» Exercise brief
The lines below from the one with "L'expresident del govern" up to and including the one with "4/86 Southern Cross" are what you should set down, exactly and without pictures.
Extracted entries Start Marker
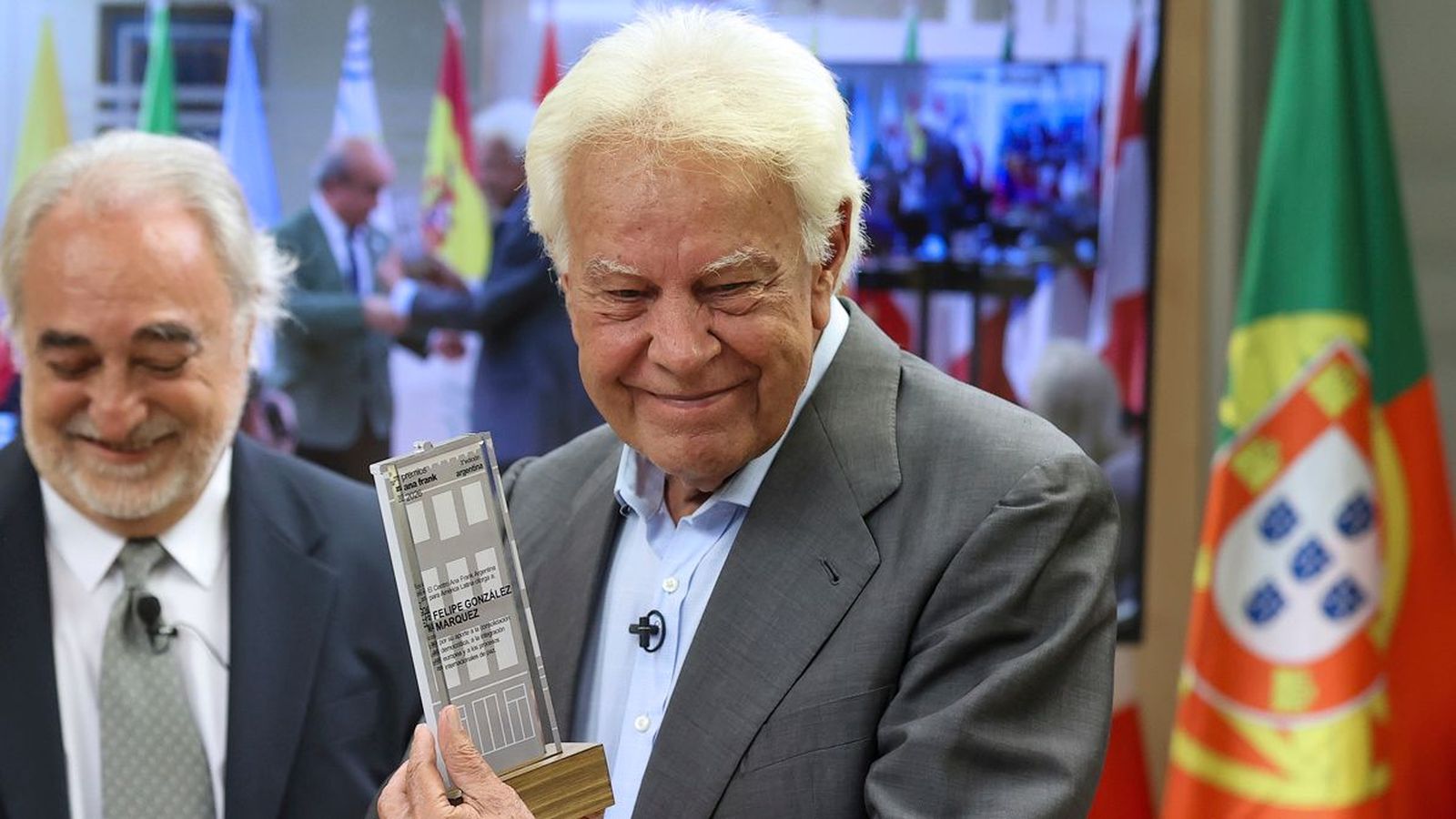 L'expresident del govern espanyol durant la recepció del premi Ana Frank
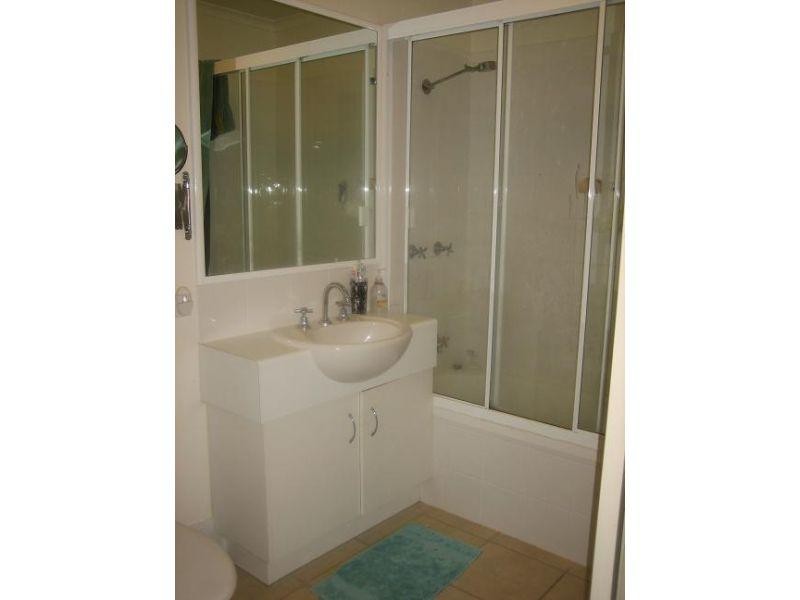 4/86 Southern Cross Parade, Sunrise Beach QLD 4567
Extracted entries End Marker
Extracted entries Start Marker
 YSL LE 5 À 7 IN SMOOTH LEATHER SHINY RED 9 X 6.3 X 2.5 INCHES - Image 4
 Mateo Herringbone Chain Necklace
Extracted entries End Marker
Extracted entries Start Marker
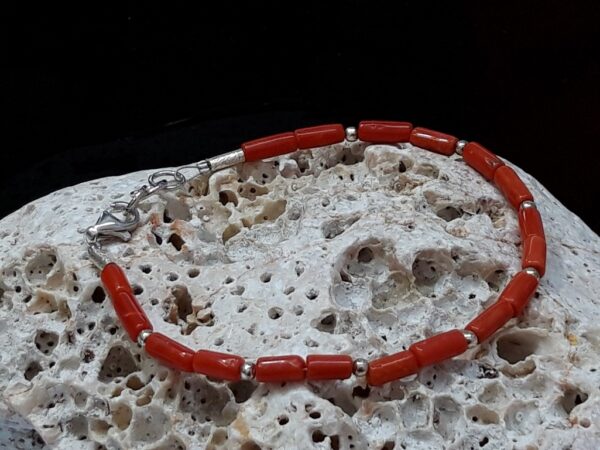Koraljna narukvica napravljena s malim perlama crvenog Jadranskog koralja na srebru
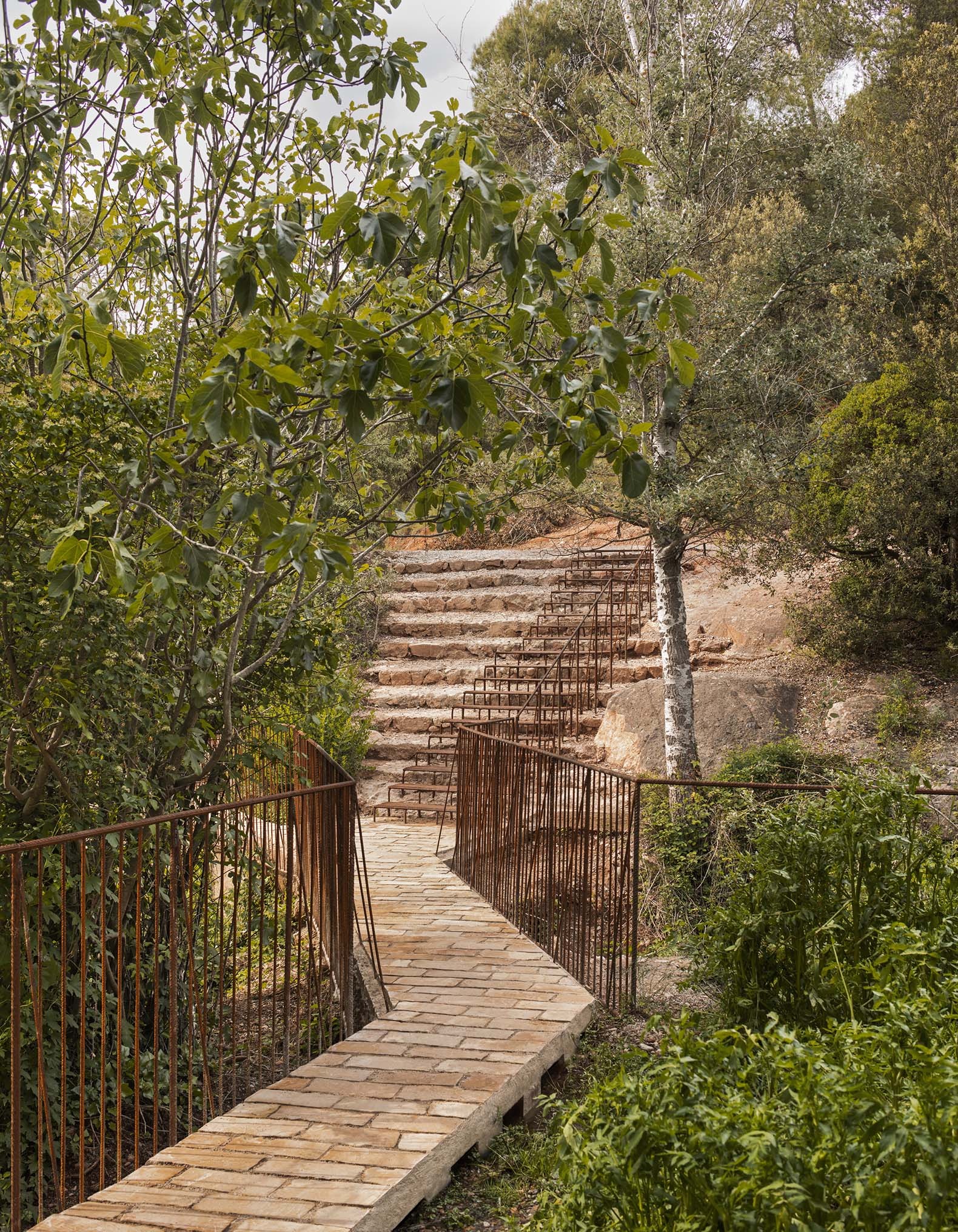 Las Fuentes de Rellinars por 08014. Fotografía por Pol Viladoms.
Extracted entries End Marker
» Result
 L'expresident del govern espanyol durant la recepció del premi Ana Frank
 4/86 Southern Cross Parade, Sunrise Beach QLD 4567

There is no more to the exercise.